Guest Post: Teacher Action Research

He graciously agreed to write this third one, which I’m adding to The Best Resources For Learning About Restorative Practices – Help Me Find More.

 

Phillip Taylor is a restorative practitioner leading the Community Restoration Project (CRP) in Sacramento, California. His research into restorative practices entitled “Factors that Impact the Efficacy of Restorative Practices” can be found in the Colorado State University archives. He currently also leads the CRP at Luther Burbank High school where he works with mentor students to provide support to students sent to the discipline office. He also works with local area high schools to support the implementation of viable restorative practices programs and to develop methods to measure outcomes and garner funding.

 

And here was the bitter paradox of adolescence: alone, I was most myself, most true.

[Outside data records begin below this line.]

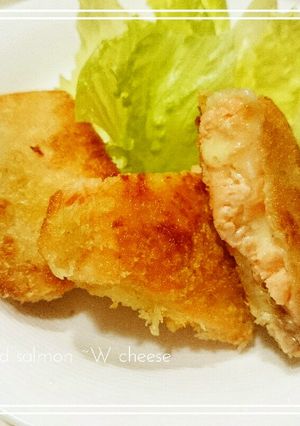 お弁当お魚おかず:サーモンWチーズフライ-レシピのメイン写真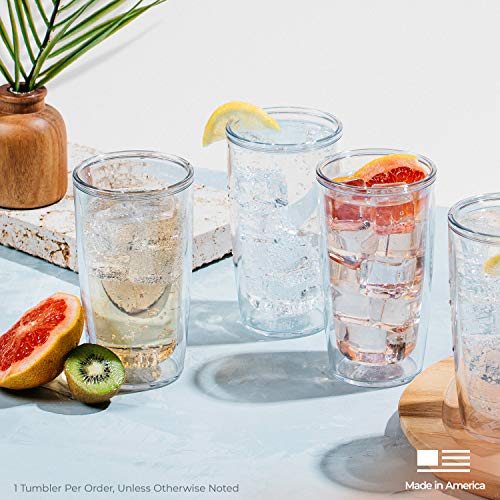 Double Walled Insulated Tumbler Cup, 16oz 4pk D77723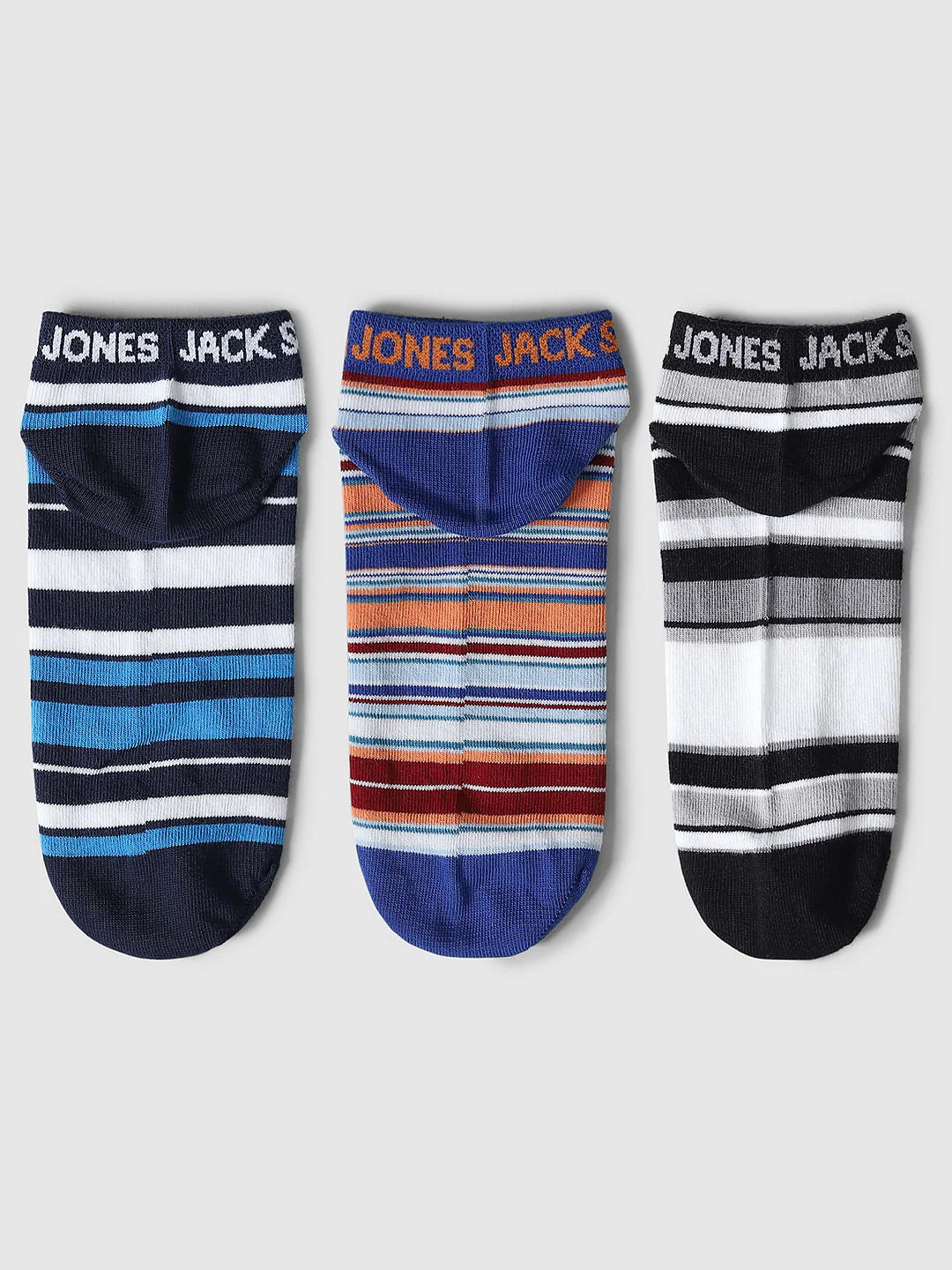 Pack of 3 Striped Ankle Length Socks - Image 6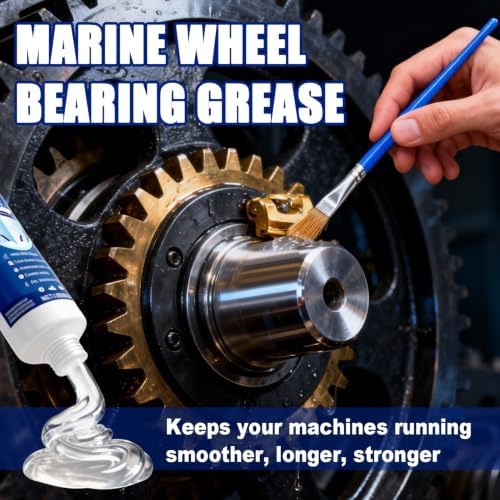 Marine Grease Tube, Waterproof High Temp, Against Water Washout 50g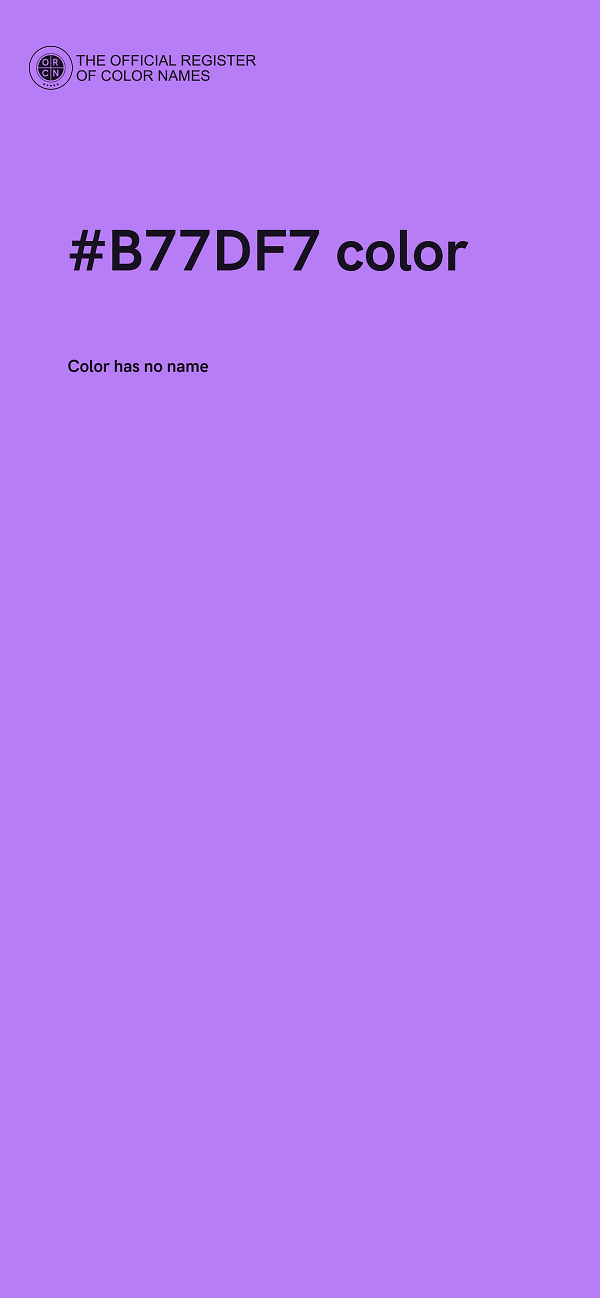 #B77DF7 color image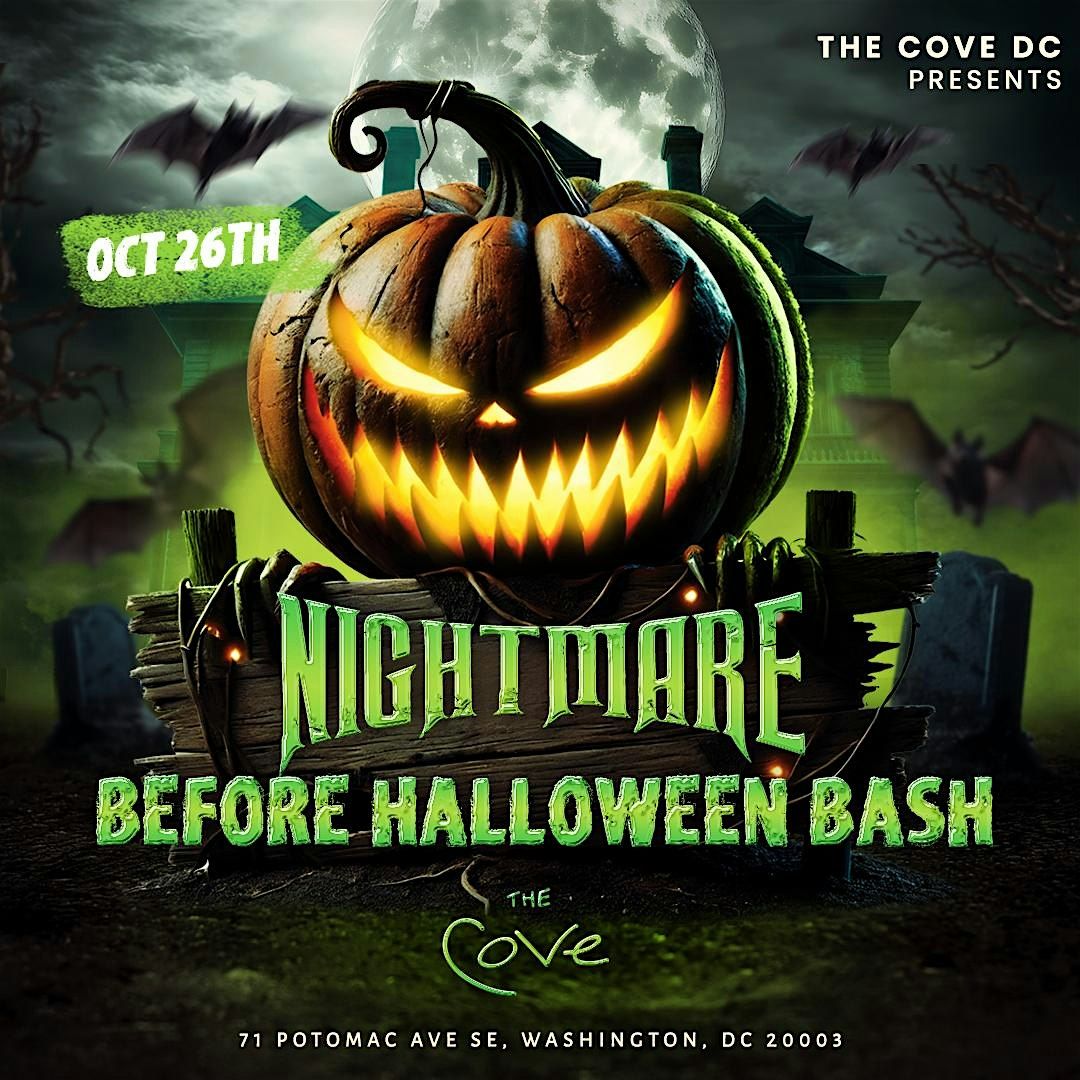 Nightmare Before Halloween Bash @ The Cove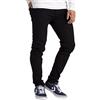 BlauerHafen - Jeans Skinny da uomo Slim Fit Stretch Super Flex in Denim Nero 40W x 30L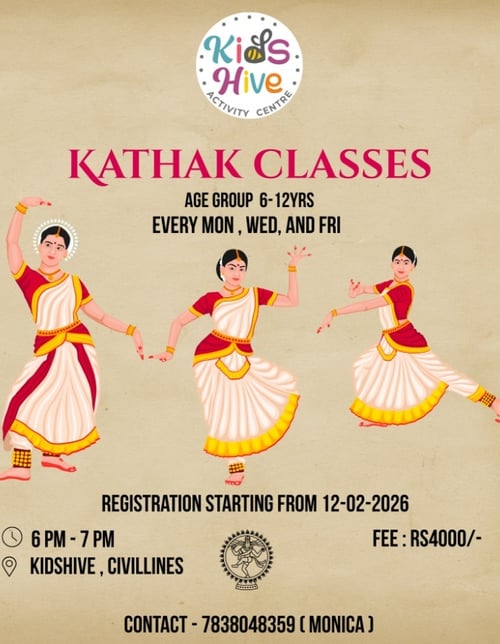 Kids Hive-Kathak Dance Classes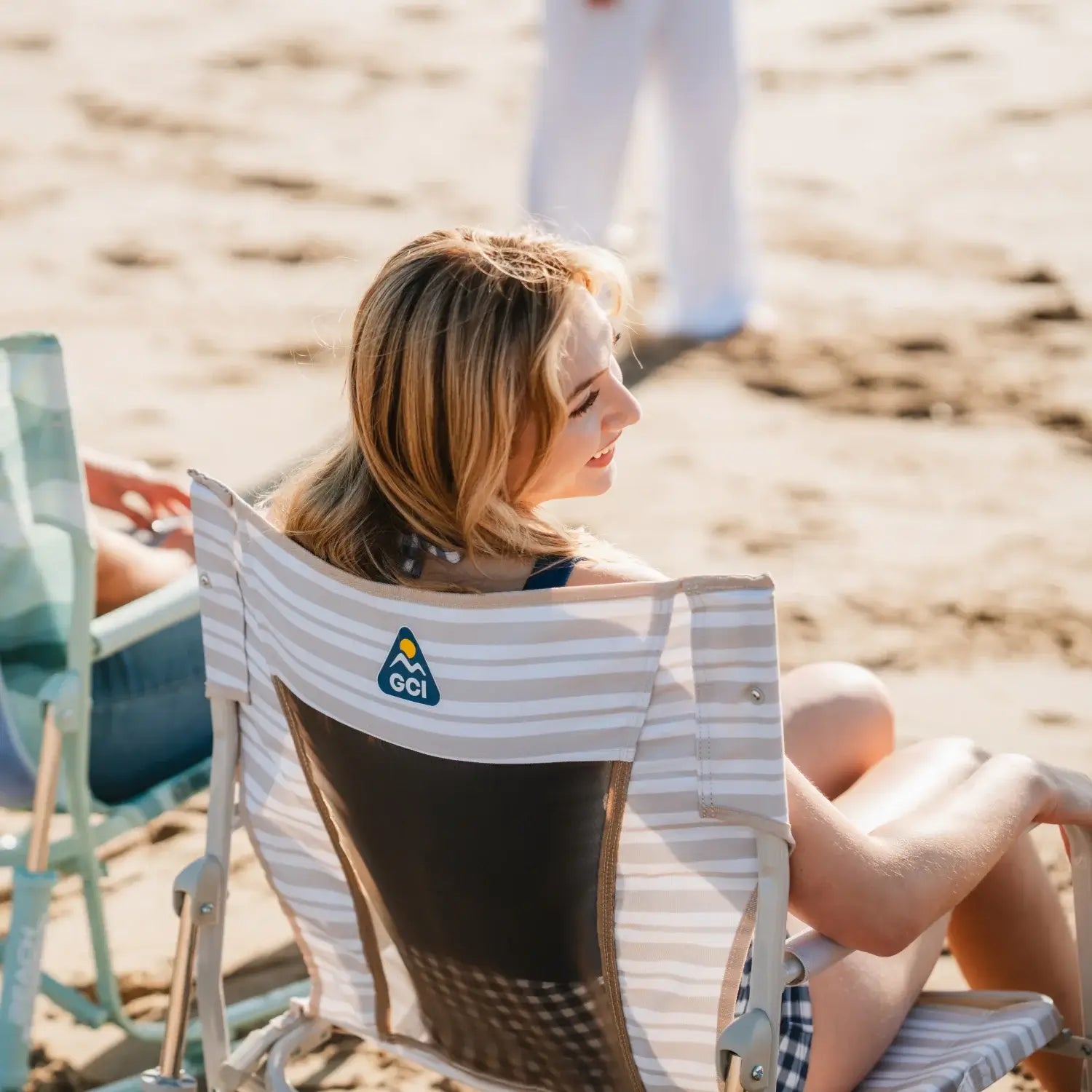 Luxury Camp Beach Rocker - Choice 712 - RoadTrip Rocker Smooth Motion Camp Chair Detail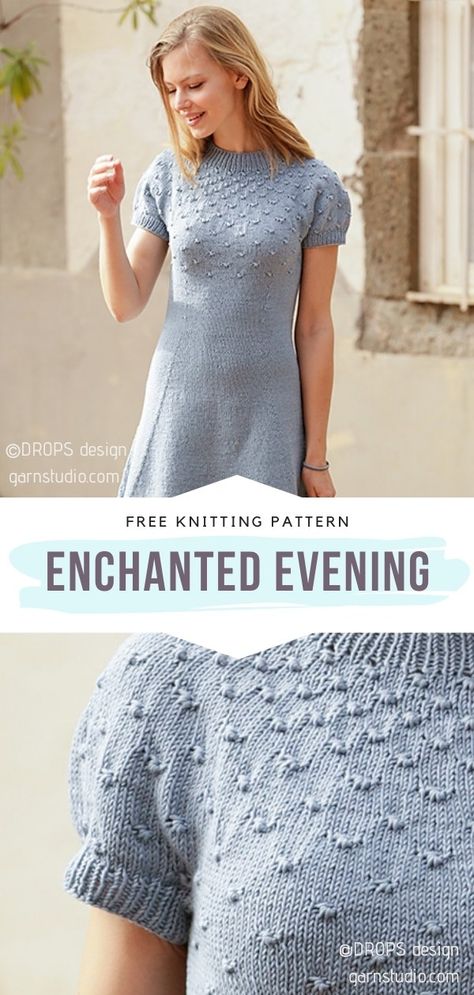 Knit Dress Pattern Free, Sweater Dress Pattern, Dress Knitting, Knit Summer, Chic Summer Dresses, Knit Dress Pattern, Knitting Patterns Free Sweater, Dress Patterns Free, Summer Sweater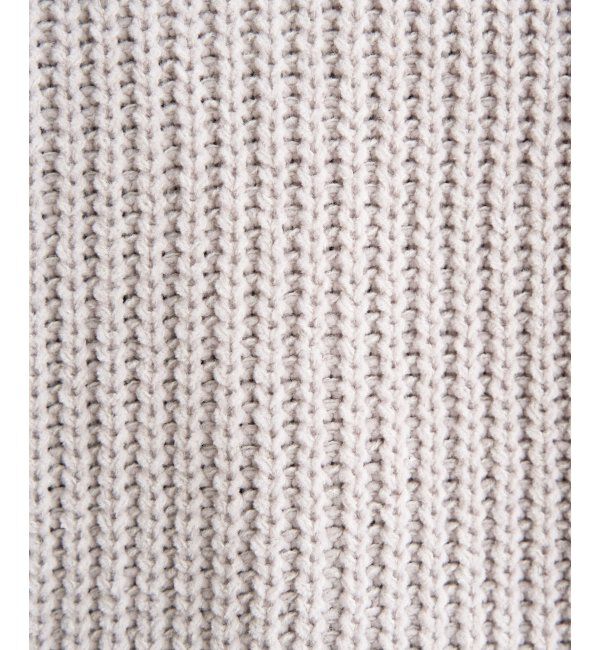 Lbc with Life「マットモール畦ニットプルオーバー」|カーディガン|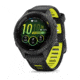 Garmin Forerunner 265S Watch, Black Bezel and Case w/ Black/Amp Yellow Silicone Band, 010-02810-03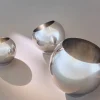 Globe blomkruka Ø43 cm Silver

But the self that really mattered was the self that was visible, the self that could be shown to other people.”

Alice Pung, Laurinda

 

One of the most frustrating aspects of working with young people is the fungibility of the adolescent identity.  One minute, a teenager can be the most mature, intelligent, articulate person you have ever met – they seem like an adult!  The next minute, the same teenager is throwing a tantrum about having to hand over a cell phone.

Recent research has noticed the fungibility of human identity and inquired into the social aspect of our identities, demonstrating how strongly our social environment participates in our sense of self (Bandura, 1999; Thompson & Varela, 2001; De Jaegher & Di Paolo, 2007).  Not only this, recent research in the area of Social Cognitive Theory (SCT) proposes that social situations can actually prompt radical changes in our identity, and actually overwhelm our normal sense of self (Muhlhoff, 2014). Teenagers, with their already fungible identities, are even more susceptible to such social pressures.  

Thus, when restorative practitioners discuss working with students and using restorative practices, they often highlight connecting with and supporting the individual student to address misbehavior, forgetting that the student we are working with must return to the environment of the class.  In class, the student may not be prompted by the social environment to follow through with the agreements we reached during a restorative intervention. In, fact, the amazing restorative work we feel we accomplished can often go out the window the minute a student re-enters a troubling class!

Thus, when we examine how to intervene using restorative practices, we must investigate the environment of the class as well as the individual we are working with.  In many cases, we must consider the restorative intervention on two levels: 1) intervention/support with the individual student and 2) intervention/support at the group or even class level.  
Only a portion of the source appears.